The small intestine CT scans was differentiated by its homogenous density from ascending colon, cecum and spiral colon constriction representing fecal pellets. On CT scans the liver and spleen were demonstrated as homogenous soft tissue density, the large portal vein, hepatic vein, caudal vena cava and gall bladder were demonstrated as hypodense than hepatic tissue, these results appeared similar with that recorded by Dyce et al. (1987), Abu zaid (1995) and Sandrasegaran et al. (2007).

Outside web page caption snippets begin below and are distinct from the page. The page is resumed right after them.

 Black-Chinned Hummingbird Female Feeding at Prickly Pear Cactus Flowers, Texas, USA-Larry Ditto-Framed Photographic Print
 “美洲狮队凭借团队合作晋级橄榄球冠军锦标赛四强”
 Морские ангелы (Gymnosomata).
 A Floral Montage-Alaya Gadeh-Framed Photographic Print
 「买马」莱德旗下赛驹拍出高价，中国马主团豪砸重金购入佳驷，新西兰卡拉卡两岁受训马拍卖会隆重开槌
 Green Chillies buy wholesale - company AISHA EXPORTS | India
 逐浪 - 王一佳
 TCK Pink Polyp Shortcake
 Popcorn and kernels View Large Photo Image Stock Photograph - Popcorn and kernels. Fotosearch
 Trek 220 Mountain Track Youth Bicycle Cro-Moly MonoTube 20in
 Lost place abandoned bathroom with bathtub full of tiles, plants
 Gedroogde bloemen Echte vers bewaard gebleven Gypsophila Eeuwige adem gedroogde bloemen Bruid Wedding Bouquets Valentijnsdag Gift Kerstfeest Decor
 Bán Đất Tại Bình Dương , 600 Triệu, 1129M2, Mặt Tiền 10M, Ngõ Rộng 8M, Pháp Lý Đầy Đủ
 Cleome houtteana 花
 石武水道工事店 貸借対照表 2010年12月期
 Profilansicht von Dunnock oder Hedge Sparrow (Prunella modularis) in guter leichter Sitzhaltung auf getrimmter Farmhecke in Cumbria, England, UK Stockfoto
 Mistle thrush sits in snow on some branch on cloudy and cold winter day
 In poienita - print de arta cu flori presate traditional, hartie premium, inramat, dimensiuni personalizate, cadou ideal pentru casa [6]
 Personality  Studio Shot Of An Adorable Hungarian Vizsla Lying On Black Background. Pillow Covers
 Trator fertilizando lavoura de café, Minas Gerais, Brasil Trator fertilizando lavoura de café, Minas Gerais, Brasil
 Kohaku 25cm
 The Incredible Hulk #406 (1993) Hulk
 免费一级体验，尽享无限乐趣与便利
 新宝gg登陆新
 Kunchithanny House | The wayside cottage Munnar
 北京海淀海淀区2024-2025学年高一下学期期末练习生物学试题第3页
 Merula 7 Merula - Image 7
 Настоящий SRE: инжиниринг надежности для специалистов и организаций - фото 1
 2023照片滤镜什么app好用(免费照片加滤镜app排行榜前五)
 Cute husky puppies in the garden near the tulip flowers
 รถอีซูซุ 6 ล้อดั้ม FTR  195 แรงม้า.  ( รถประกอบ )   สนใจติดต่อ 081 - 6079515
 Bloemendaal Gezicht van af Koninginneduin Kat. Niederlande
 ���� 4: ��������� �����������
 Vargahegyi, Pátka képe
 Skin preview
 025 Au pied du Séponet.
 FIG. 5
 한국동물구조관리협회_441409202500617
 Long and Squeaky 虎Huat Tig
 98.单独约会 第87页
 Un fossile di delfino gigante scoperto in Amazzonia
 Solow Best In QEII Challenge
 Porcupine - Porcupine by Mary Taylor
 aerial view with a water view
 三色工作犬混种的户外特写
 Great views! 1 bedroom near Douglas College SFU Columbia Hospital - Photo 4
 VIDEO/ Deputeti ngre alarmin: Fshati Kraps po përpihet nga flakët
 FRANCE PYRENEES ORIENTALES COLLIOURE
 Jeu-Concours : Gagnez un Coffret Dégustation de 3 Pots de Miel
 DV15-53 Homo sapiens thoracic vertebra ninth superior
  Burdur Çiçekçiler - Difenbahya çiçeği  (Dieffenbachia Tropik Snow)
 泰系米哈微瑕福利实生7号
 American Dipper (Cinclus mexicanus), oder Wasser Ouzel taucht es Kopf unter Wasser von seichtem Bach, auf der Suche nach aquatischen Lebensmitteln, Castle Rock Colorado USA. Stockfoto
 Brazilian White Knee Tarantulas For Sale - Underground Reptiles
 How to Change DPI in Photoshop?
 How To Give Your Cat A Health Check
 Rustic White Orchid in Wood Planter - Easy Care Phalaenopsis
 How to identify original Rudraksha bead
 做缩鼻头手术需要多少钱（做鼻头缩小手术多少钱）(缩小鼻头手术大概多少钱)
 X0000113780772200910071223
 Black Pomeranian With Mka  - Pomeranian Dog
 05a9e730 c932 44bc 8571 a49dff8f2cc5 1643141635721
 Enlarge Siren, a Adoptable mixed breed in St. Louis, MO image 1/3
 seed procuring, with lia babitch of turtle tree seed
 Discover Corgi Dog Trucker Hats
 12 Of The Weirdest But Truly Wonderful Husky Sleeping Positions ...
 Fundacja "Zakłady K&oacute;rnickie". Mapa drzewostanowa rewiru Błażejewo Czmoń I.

Goats of fatty liver suffered from decrease in body weight as was previously observed in cattle by Mohamed et al. (2004) in similar conditions. Regarding to ultrasonographic appearance; Ultrasonogram of liver revealed hyperechoic area near the abdominal wall, poor visualization of hepatic vessels, round margin and lower deep attenuation. This result agrees with the image described in cattle by Acorda et al. (1994), Braun et al. (1996) and Ibrahim (2004) and attributed to deposition of fat in hepatocytes which characterized by high echogenicity due to its lower acoustic impedance in contrast to that of normal liver tissue (Sanders and Everette, 1980; Ibrahim, 2004).

CONCLUSION

The present study demonstrated the ruminal details as well as small and large intestine by CT scans that indicate the CT could be effectively used to evaluate the gastrointestinal tract and soft tissues changes. The obtained results cleared that contrast X-ray images, ultrasonography and CT scans were safe, practical and easily performed in goat. Both radiographic and ultrasonographic procedures were complimentary in the evaluation of the gastrointestinal tract, spleen and liver condition while CT scans was a superior for soft tissue differentiation over conventional X-ray techniques.